TASK PROMPT
From the listing below, set down exactly the lines between the one holding "Profilsohle und Innenreißverschluss" and the one holding "FIAT TALENTO 1.6", inclusive. No other line is wanted.

DATA EXCERPTS
━━━━━━━━

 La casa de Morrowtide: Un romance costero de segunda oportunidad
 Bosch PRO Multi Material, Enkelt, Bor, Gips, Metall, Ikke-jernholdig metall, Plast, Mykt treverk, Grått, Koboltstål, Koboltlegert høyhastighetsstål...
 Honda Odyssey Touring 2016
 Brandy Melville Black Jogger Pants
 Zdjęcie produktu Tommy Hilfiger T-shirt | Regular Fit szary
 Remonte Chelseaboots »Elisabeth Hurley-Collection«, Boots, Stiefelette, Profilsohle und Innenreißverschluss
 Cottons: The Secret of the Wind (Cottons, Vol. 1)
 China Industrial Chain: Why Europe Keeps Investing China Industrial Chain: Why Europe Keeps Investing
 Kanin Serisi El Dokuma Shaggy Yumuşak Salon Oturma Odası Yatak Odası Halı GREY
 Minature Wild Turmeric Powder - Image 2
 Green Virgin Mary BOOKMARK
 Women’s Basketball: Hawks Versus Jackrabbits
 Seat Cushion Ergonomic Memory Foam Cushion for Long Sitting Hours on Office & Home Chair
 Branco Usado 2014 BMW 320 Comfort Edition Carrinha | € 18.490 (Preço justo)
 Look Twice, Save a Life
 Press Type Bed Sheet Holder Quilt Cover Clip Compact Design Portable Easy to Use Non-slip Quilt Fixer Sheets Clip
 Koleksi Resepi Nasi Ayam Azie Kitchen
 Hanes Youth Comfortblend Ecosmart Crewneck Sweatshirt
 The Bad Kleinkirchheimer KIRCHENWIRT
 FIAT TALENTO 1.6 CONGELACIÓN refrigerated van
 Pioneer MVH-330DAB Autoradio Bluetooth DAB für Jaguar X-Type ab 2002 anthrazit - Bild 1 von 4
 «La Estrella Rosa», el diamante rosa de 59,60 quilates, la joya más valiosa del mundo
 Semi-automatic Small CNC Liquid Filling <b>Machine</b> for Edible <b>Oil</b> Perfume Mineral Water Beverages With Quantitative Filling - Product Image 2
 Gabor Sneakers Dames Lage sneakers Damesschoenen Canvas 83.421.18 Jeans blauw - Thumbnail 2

━━━━━━━━

REPLY
 Remonte Chelseaboots »Elisabeth Hurley-Collection«, Boots, Stiefelette, Profilsohle und Innenreißverschluss
 Cottons: The Secret of the Wind (Cottons, Vol. 1)
 China Industrial Chain: Why Europe Keeps Investing China Industrial Chain: Why Europe Keeps Investing
 Kanin Serisi El Dokuma Shaggy Yumuşak Salon Oturma Odası Yatak Odası Halı GREY
 Minature Wild Turmeric Powder - Image 2
 Green Virgin Mary BOOKMARK
 Women’s Basketball: Hawks Versus Jackrabbits
 Seat Cushion Ergonomic Memory Foam Cushion for Long Sitting Hours on Office & Home Chair
 Branco Usado 2014 BMW 320 Comfort Edition Carrinha | € 18.490 (Preço justo)
 Look Twice, Save a Life
 Press Type Bed Sheet Holder Quilt Cover Clip Compact Design Portable Easy to Use Non-slip Quilt Fixer Sheets Clip
 Koleksi Resepi Nasi Ayam Azie Kitchen
 Hanes Youth Comfortblend Ecosmart Crewneck Sweatshirt
 The Bad Kleinkirchheimer KIRCHENWIRT
 FIAT TALENTO 1.6 CONGELACIÓN refrigerated van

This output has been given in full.